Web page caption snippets

-- -- --

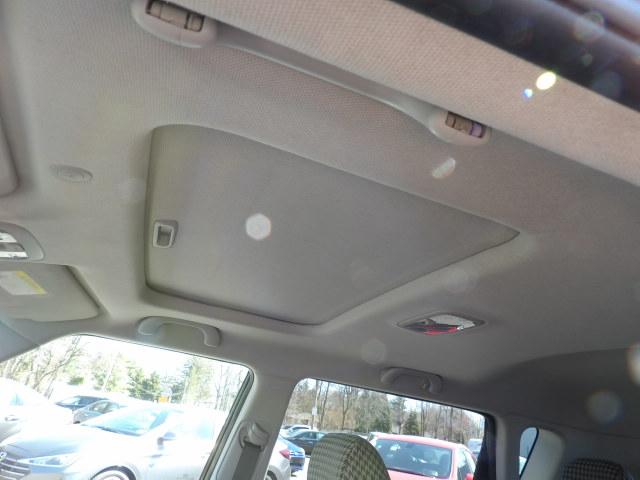 Kia Soul 5dr Wgn Auto ! 2011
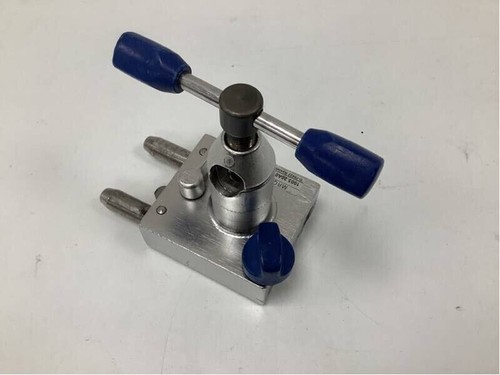 Stierlen maquet 1003 a0 - maquet,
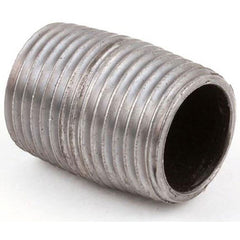 FRYMASTER 813-0022 PIPE FITTINGS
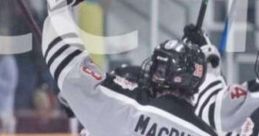 Ethan MacDuff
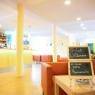 Schladming-Dachstein - JUFA Planneralm Alpin-Resort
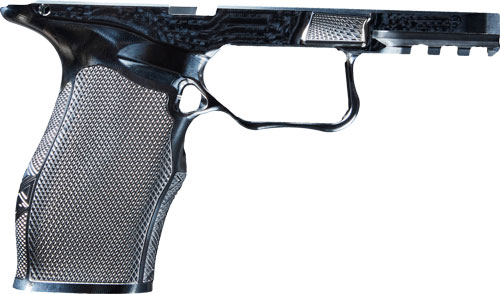 Buy JL BILLET GRIP MODULE SIG P365 online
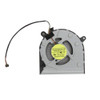 Laptop Left Fan For Lenovo Ideapad 330S-15IKB GTX1050 81GC 5F10R34701 DC 5V 0.5A New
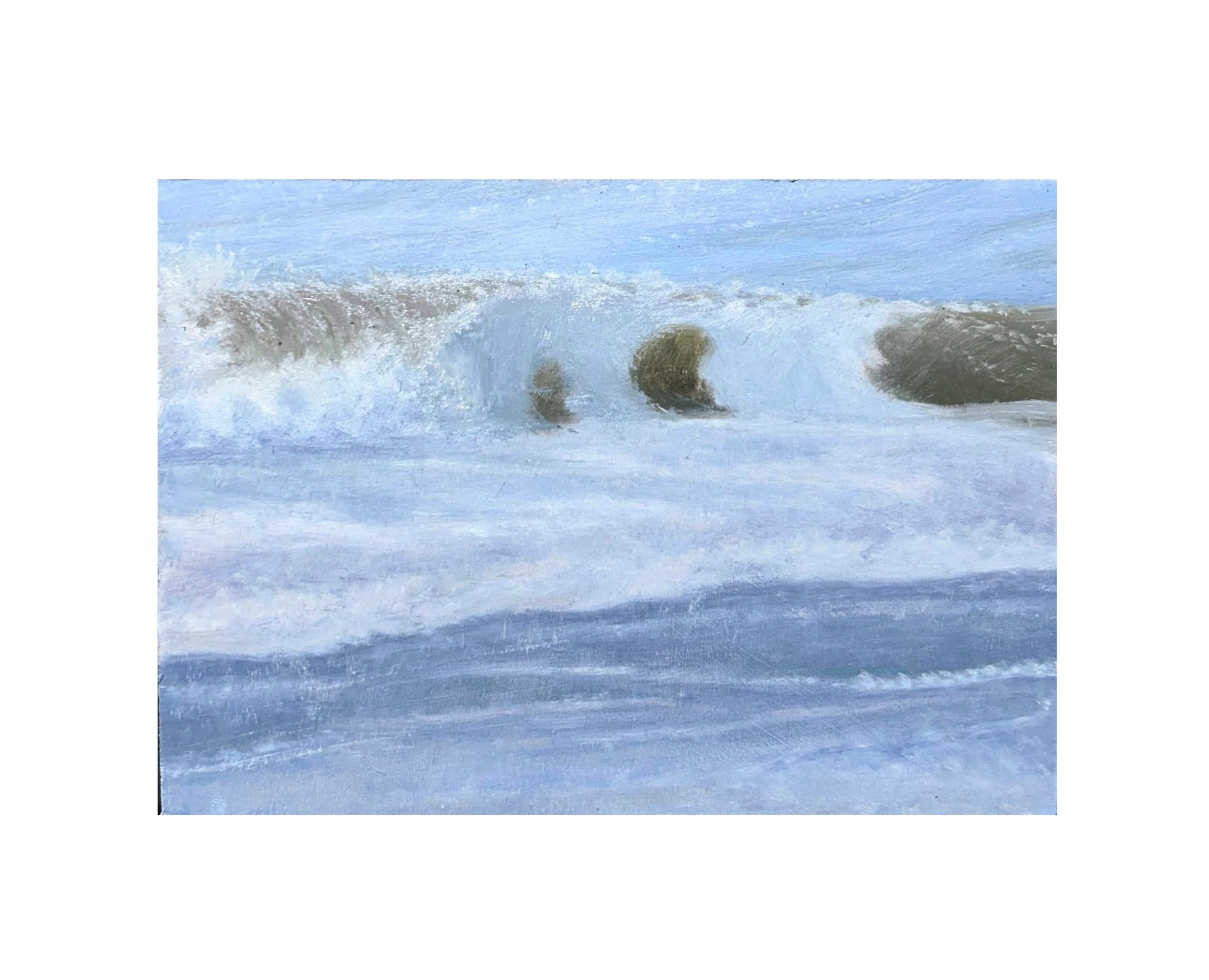 Wave+White.jpg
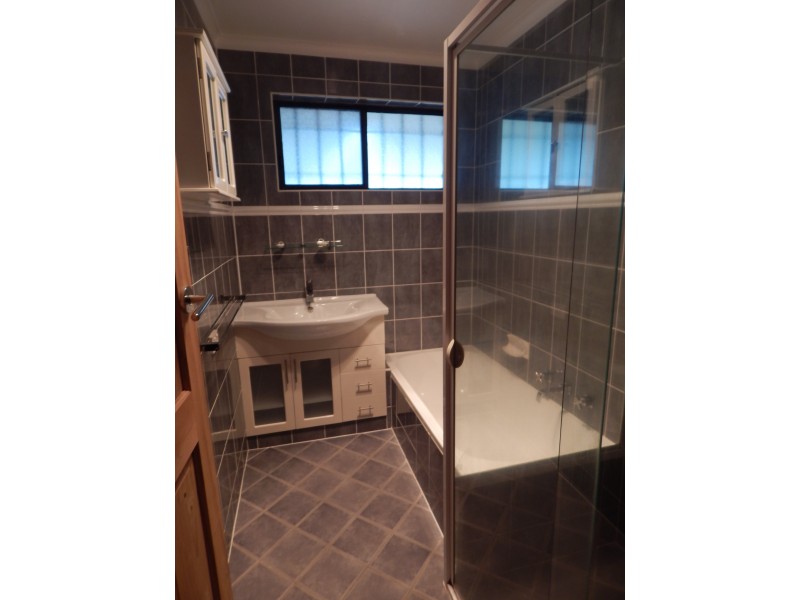 16 Weaver Blvd, Paralowie SA 5108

-- -- --

> HOW TO COMPLETE THIS TASK
Give back exactly the lines from the first line of the data through the line with "Wave+White.jpg", pictures excluded.

> SOLUTION FOR THIS TASK
 Kia Soul 5dr Wgn Auto ! 2011
 Stierlen maquet 1003 a0 - maquet,
 FRYMASTER 813-0022 PIPE FITTINGS
 Ethan MacDuff
 Schladming-Dachstein - JUFA Planneralm Alpin-Resort
 Buy JL BILLET GRIP MODULE SIG P365 online
 Laptop Left Fan For Lenovo Ideapad 330S-15IKB GTX1050 81GC 5F10R34701 DC 5V 0.5A New
 Wave+White.jpg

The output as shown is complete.